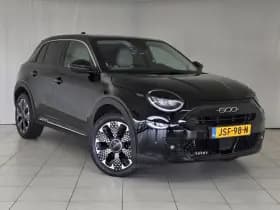 Fiat 600 1.2 Hybrid La Prima | Apple-Android | Stoelverwarming | Parkeercamera thumbnail 5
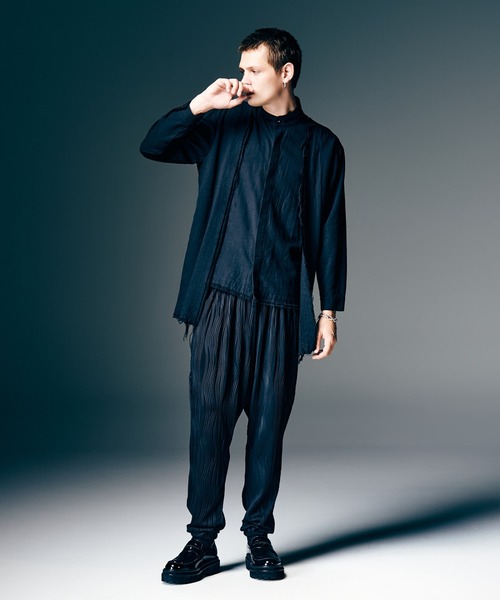glamb(グラム)の「Layered Cardigan Shirt / レイヤードカーディガンシャツ(シャツ/ブラウス・メンズ・ブラック/グレー・S/M/L)」の8枚目の写真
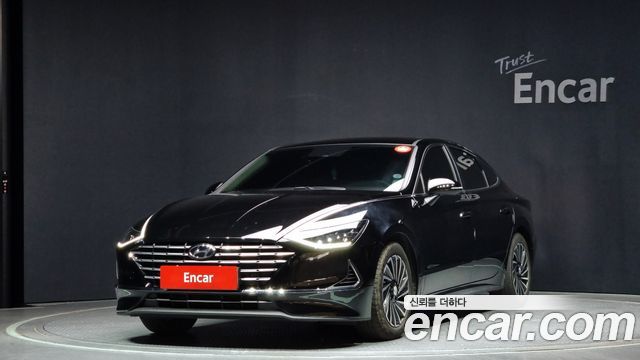 Hyundai Sonata Hybrid (DN8) Premium Family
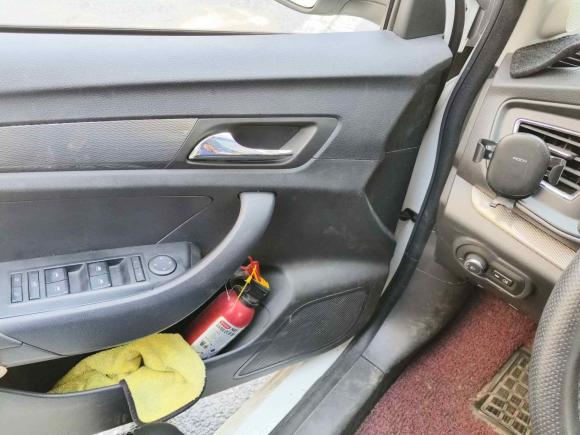 [杭州·浙A] 二手荣威荣威3602017款 1.5L 自动豪华版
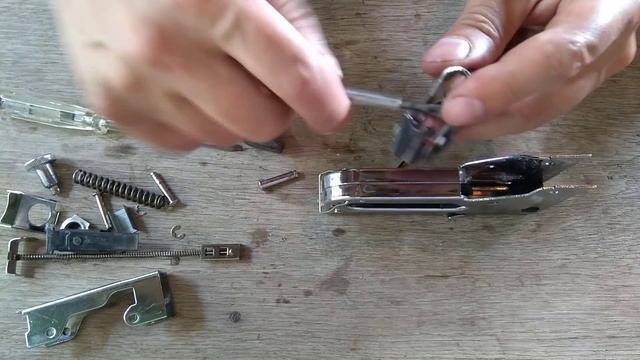 Разборка, ремонт строительного степлера. Подробная инструкция! Как зарядить скобы? Не забивает скоб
━━━━━━━━━━━━━━━━━━━━
What is expected: Without the pictures, extract every entry verbatim.

Exercise output:
 Fiat 600 1.2 Hybrid La Prima | Apple-Android | Stoelverwarming | Parkeercamera thumbnail 5
glamb(グラム)の「Layered Cardigan Shirt / レイヤードカーディガンシャツ(シャツ/ブラウス・メンズ・ブラック/グレー・S/M/L)」の8枚目の写真
 Hyundai Sonata Hybrid (DN8) Premium Family
 [杭州·浙A] 二手荣威荣威3602017款 1.5L 自动豪华版
 Разборка, ремонт строительного степлера. Подробная инструкция! Как зарядить скобы? Не забивает скоб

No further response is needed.